All of the data must be returned word for word.

(Data under study Opens)

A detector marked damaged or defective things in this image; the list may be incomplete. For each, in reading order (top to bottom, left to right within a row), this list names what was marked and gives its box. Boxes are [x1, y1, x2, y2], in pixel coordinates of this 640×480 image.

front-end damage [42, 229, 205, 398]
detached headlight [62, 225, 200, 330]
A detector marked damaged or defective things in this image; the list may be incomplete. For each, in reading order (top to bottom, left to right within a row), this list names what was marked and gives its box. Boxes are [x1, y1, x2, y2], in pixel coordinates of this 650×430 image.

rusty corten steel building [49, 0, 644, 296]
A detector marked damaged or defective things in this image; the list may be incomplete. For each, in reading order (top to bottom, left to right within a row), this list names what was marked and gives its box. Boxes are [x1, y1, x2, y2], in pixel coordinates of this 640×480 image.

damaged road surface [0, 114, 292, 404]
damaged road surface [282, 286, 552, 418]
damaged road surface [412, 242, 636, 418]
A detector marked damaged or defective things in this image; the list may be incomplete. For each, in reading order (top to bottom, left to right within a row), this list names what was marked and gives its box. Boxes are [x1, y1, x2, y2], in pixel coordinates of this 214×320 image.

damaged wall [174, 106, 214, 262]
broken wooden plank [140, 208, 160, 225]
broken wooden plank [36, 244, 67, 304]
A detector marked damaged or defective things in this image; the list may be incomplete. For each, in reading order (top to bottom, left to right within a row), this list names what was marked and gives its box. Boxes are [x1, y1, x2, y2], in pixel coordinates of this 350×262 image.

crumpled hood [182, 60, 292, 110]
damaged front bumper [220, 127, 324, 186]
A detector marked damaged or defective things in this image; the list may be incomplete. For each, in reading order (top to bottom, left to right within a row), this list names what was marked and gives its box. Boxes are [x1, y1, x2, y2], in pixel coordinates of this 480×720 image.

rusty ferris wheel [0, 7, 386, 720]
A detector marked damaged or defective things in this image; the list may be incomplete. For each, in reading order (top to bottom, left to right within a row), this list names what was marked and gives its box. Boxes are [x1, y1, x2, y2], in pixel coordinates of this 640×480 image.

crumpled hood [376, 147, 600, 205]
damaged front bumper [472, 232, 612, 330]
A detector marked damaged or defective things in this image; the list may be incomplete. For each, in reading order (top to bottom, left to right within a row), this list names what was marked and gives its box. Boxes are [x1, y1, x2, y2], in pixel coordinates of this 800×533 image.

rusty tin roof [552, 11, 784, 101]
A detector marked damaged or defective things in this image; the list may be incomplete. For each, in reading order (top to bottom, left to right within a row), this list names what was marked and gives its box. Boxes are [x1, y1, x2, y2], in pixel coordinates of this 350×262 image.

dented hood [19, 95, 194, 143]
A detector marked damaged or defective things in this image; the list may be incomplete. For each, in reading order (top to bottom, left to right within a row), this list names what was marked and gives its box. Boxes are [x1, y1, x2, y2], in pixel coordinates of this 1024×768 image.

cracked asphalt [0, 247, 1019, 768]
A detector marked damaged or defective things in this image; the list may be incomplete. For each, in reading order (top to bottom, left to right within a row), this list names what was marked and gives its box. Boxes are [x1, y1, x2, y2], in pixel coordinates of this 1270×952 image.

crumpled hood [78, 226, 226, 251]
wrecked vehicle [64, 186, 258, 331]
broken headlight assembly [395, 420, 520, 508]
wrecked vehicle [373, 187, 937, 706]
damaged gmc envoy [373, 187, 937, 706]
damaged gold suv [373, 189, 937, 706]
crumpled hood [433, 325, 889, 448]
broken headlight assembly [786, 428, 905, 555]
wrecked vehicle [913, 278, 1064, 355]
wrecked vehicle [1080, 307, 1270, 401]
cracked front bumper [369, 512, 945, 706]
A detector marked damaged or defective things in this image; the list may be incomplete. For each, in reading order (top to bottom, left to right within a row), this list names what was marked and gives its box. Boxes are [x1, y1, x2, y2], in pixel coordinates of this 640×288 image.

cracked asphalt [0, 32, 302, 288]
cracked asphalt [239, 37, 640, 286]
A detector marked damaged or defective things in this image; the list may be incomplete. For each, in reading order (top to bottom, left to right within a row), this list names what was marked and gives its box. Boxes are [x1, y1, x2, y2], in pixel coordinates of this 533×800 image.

(Data under study Closes)

## Written answer
A detector marked damaged or defective things in this image; the list may be incomplete. For each, in reading order (top to bottom, left to right within a row), this list names what was marked and gives its box. Boxes are [x1, y1, x2, y2], in pixel coordinates of this 640×480 image.

front-end damage [42, 229, 205, 398]
detached headlight [62, 225, 200, 330]
A detector marked damaged or defective things in this image; the list may be incomplete. For each, in reading order (top to bottom, left to right within a row), this list names what was marked and gives its box. Boxes are [x1, y1, x2, y2], in pixel coordinates of this 650×430 image.

rusty corten steel building [49, 0, 644, 296]
A detector marked damaged or defective things in this image; the list may be incomplete. For each, in reading order (top to bottom, left to right within a row), this list names what was marked and gives its box. Boxes are [x1, y1, x2, y2], in pixel coordinates of this 640×480 image.

damaged road surface [0, 114, 292, 404]
damaged road surface [282, 286, 552, 418]
damaged road surface [412, 242, 636, 418]
A detector marked damaged or defective things in this image; the list may be incomplete. For each, in reading order (top to bottom, left to right within a row), this list names what was marked and gives its box. Boxes are [x1, y1, x2, y2], in pixel coordinates of this 214×320 image.

damaged wall [174, 106, 214, 262]
broken wooden plank [140, 208, 160, 225]
broken wooden plank [36, 244, 67, 304]
A detector marked damaged or defective things in this image; the list may be incomplete. For each, in reading order (top to bottom, left to right within a row), this list names what was marked and gives its box. Boxes are [x1, y1, x2, y2], in pixel coordinates of this 350×262 image.

crumpled hood [182, 60, 292, 110]
damaged front bumper [220, 127, 324, 186]
A detector marked damaged or defective things in this image; the list may be incomplete. For each, in reading order (top to bottom, left to right within a row), this list names what was marked and gives its box. Boxes are [x1, y1, x2, y2], in pixel coordinates of this 480×720 image.

rusty ferris wheel [0, 7, 386, 720]
A detector marked damaged or defective things in this image; the list may be incomplete. For each, in reading order (top to bottom, left to right within a row), this list names what was marked and gives its box. Boxes are [x1, y1, x2, y2], in pixel coordinates of this 640×480 image.

crumpled hood [376, 147, 600, 205]
damaged front bumper [472, 232, 612, 330]
A detector marked damaged or defective things in this image; the list may be incomplete. For each, in reading order (top to bottom, left to right within a row), this list names what was marked and gives its box. Boxes are [x1, y1, x2, y2], in pixel coordinates of this 800×533 image.

rusty tin roof [552, 11, 784, 101]
A detector marked damaged or defective things in this image; the list may be incomplete. For each, in reading order (top to bottom, left to right within a row), this list names what was marked and gives its box. Boxes are [x1, y1, x2, y2], in pixel coordinates of this 350×262 image.

dented hood [19, 95, 194, 143]
A detector marked damaged or defective things in this image; the list may be incomplete. For each, in reading order (top to bottom, left to right within a row), this list names what was marked and gives its box. Boxes are [x1, y1, x2, y2], in pixel coordinates of this 1024×768 image.

cracked asphalt [0, 247, 1019, 768]
A detector marked damaged or defective things in this image; the list may be incomplete. For each, in reading order (top to bottom, left to right within a row), this list names what was marked and gives its box. Boxes are [x1, y1, x2, y2], in pixel coordinates of this 1270×952 image.

crumpled hood [78, 226, 226, 251]
wrecked vehicle [64, 186, 258, 331]
broken headlight assembly [395, 420, 520, 508]
wrecked vehicle [373, 187, 937, 706]
damaged gmc envoy [373, 187, 937, 706]
damaged gold suv [373, 189, 937, 706]
crumpled hood [433, 325, 889, 448]
broken headlight assembly [786, 428, 905, 555]
wrecked vehicle [913, 278, 1064, 355]
wrecked vehicle [1080, 307, 1270, 401]
cracked front bumper [369, 512, 945, 706]
A detector marked damaged or defective things in this image; the list may be incomplete. For each, in reading order (top to bottom, left to right within a row), this list names what was marked and gives its box. Boxes are [x1, y1, x2, y2], in pixel coordinates of this 640×288 image.

cracked asphalt [0, 32, 302, 288]
cracked asphalt [239, 37, 640, 286]
A detector marked damaged or defective things in this image; the list may be incomplete. For each, in reading order (top to bottom, left to right within a row), this list names what was marked and gives its box. Boxes are [x1, y1, x2, y2], in pixel coordinates of this 533×800 image.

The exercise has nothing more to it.